If it does remain subdued, lower prices on the wholesale oil market could lead to cheaper production costs of some materials, such as plastic. That would potentially be reflected in prices of everyday consumer goods. However, producer countries will see sharp reductions in revenue.
Jameel Ahmad, global head of currency strategy and market research at FXTM, said the production cut “is not the ultimate answer”.
“Should the current corona restrictions persist in the world economic environment, demand for oil will drop to an extent that whatever Opec+ proposes will barely manage to put a stable floor on prices, let alone achieve a stronger medium and longer-term valuation,” he said.
Crude had already fallen to just over $31 a barrel at the start of the month after Saudi Arabia failed to convince Russia to back production cuts that had previously been agreed with the other members of Opec. By the end of March crude had fallen to $22.58, its lowest price in 18 years.
On Thursday Opec secretary-general Mohammed Barkindo said: “There is a grizzly shadow hanging over all of us. We do not want this shadow to envelope us. It will have a crushing and long-term impact on the entire industry.”
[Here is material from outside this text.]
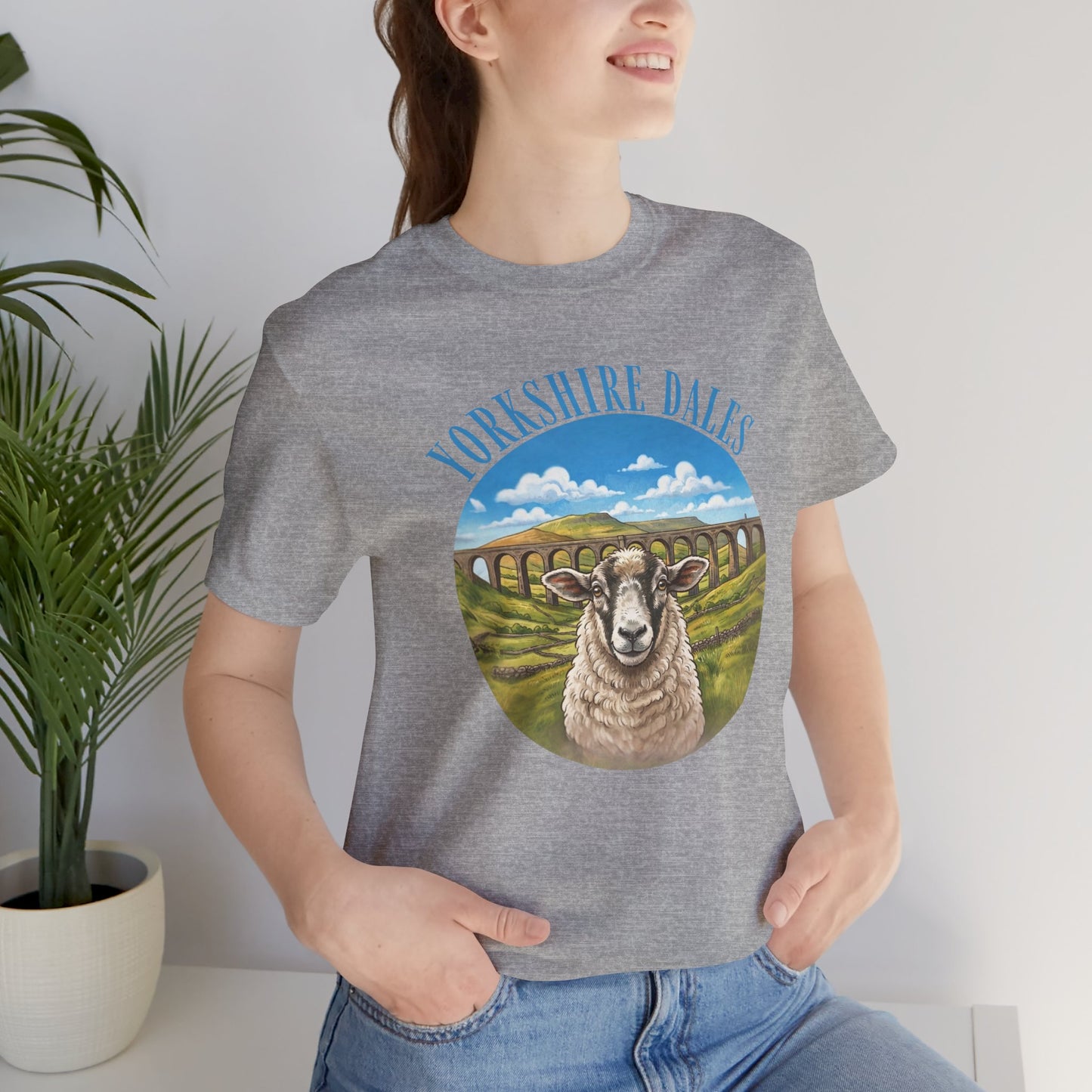 Yorkshire Dales Sheep T-Shirt — Scenic Countryside Tee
The Opec producers’ organisation and its allies said they had reached a tentative agreement to cut production by about 10% compared to what was being produced before the crisis. Another 5 million barrels is expected to be cut by other oil exporting countries.
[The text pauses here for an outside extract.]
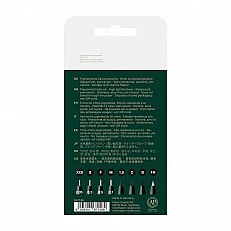 Faber-Castell Pitt fineliner XXS, S, F, M, B, C, Fude H, 8 pieces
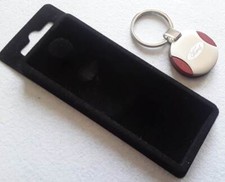 Portachiavi in metallo con inserto in legno FORD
Opec said the cuts would be eased to eight million barrels a day between July and December. They would later be eased again to six million barrels from January 2021.
A final agreement was dependent on Mexico, which had questioned the size of cuts it was asked to make.
‘Move to renewables’
However, environmental campaign group Greenpeace said that the world needed to move away from using oil altogether.
Greenpeace executive director John Sauven said: “In the context of climate change, production cuts don’t matter one way or the other – the overwhelming impact of oil comes from its use.”
“The economics of oil have always been beholden to geopolitics, rivalries between producing countries, as well as industry interests with no regard for people or planet.”
“The urgent question facing us now is how to make sure that any future recovery builds a safe, resilient and healthier economy that can withstand future shocks and avoid climate breakdown. We need to build that recovery on clean, affordable renewable energy.”